(Data entries)
+++++
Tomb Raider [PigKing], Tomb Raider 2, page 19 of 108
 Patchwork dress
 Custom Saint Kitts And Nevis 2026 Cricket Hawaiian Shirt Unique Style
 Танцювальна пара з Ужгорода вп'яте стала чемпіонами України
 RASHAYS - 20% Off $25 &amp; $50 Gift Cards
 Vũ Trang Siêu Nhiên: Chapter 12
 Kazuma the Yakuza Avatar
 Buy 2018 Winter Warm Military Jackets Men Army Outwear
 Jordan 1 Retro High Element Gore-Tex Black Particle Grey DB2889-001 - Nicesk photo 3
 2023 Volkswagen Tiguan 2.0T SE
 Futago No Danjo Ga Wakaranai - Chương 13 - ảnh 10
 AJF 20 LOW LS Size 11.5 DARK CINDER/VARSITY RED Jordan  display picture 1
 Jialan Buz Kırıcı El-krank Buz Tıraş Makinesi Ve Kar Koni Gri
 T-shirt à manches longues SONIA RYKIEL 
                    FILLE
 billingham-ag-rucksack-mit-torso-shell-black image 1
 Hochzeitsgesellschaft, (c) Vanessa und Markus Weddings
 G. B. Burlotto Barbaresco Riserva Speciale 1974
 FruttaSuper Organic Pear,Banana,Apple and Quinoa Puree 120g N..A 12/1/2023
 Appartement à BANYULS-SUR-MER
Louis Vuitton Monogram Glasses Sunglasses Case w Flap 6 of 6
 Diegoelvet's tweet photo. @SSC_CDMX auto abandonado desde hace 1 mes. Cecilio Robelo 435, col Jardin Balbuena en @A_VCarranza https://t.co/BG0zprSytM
+++++
ASSIGNED TASK
Please let your answer be exactly the lines from the one holding "Louis Vuitton Monogram" through the last line of the entries above, both ends included.

TASK SOLUTION
Louis Vuitton Monogram Glasses Sunglasses Case w Flap 6 of 6
 Diegoelvet's tweet photo. @SSC_CDMX auto abandonado desde hace 1 mes. Cecilio Robelo 435, col Jardin Balbuena en @A_VCarranza https://t.co/BG0zprSytM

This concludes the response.